Skip to content

itrnd/product-scraper

Repository files navigation

Product Scraper

A configurable Python web scraper that extracts product data from the WebScraper.io test site.

Description

This project scrapes product information from the WebScraper.io test site. It navigates through the catalog, clicks the "Load More" button and parses products incrementally after each click, extracting the following information for each product:

  • Title (e.g., "Lenovo ThinkPad X1 Carbon 6th Gen Ultrabook")
  • Price (e.g., $1,229.00)
  • Description (short text with product specs)
  • Star rating (1-5)
  • Number of reviews

The scraper separates raw data (as scraped from the website) from structured data (processed and normalized).
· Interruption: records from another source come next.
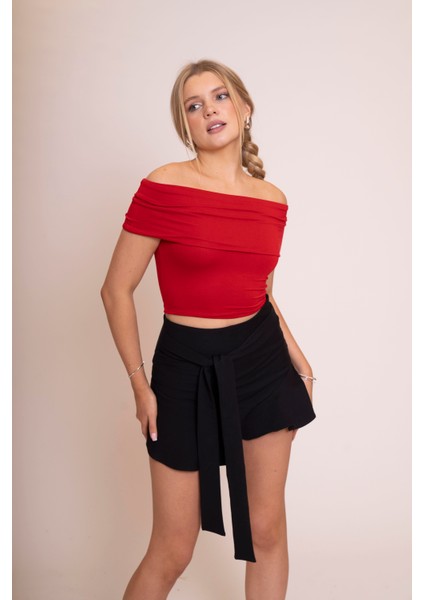 Afrodit Kadın Kırmızı Omzu Açık Büzgülü Crop Body - Şık ve Rahat Fit Bluz fiyatları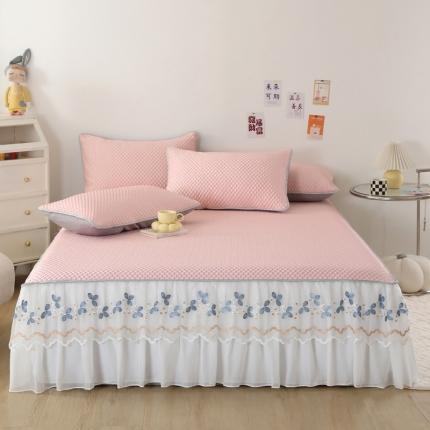 91家纺网 家纺一手货源 找家纺 能好家纺 2024新款600克全PE材质3D冰豆豆绣花床裙款 绣花 粉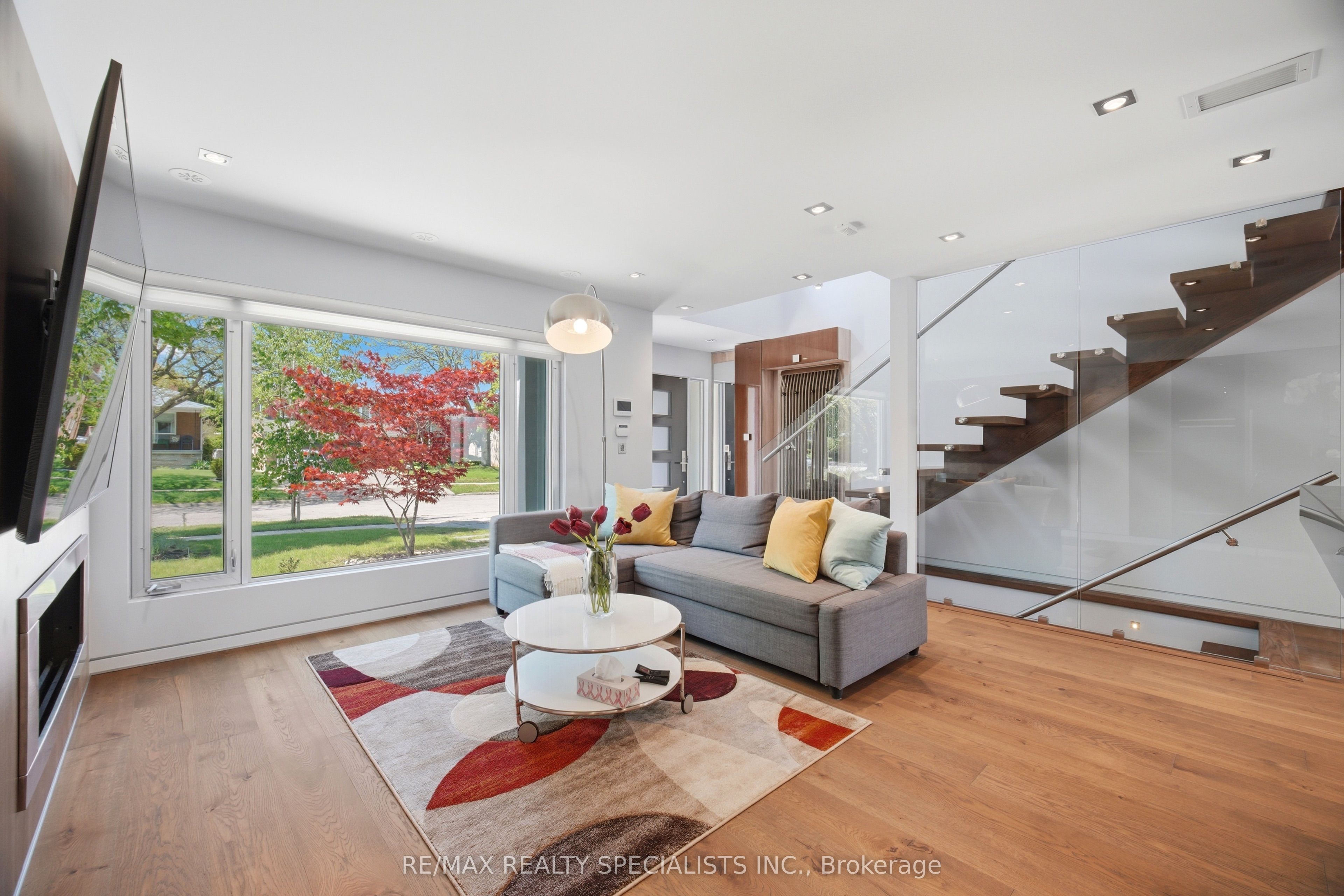 870 Hollowtree Crescent, Mississauga, ON L4Y 2V2 photo 5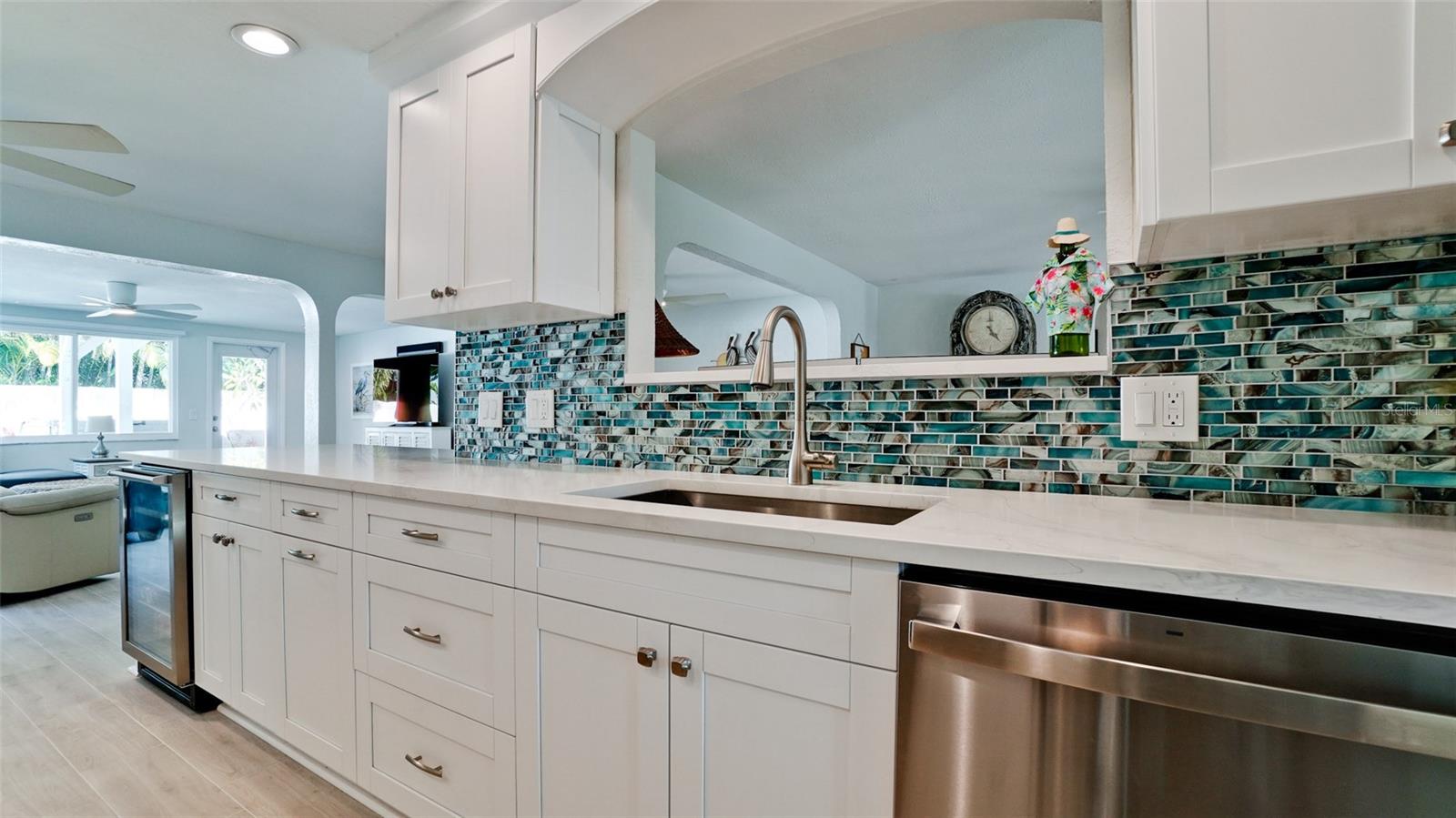 504 69TH ST, HOLMES BEACH, FL, 34217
It includes currency detection and conversion functionality, allowing prices to be converted from their original currency to a target currency specified in the configuration.

The extracted data is saved in both CSV and JSON formats, with separate files for raw and structured data. The scraper is configurable via a YAML file, making it easy to repoint to different product categories (e.g., laptops, tablets) and customize currency conversion rates without changing the code.

Installation

  1. Ensure you have Python 3.12 or higher installed.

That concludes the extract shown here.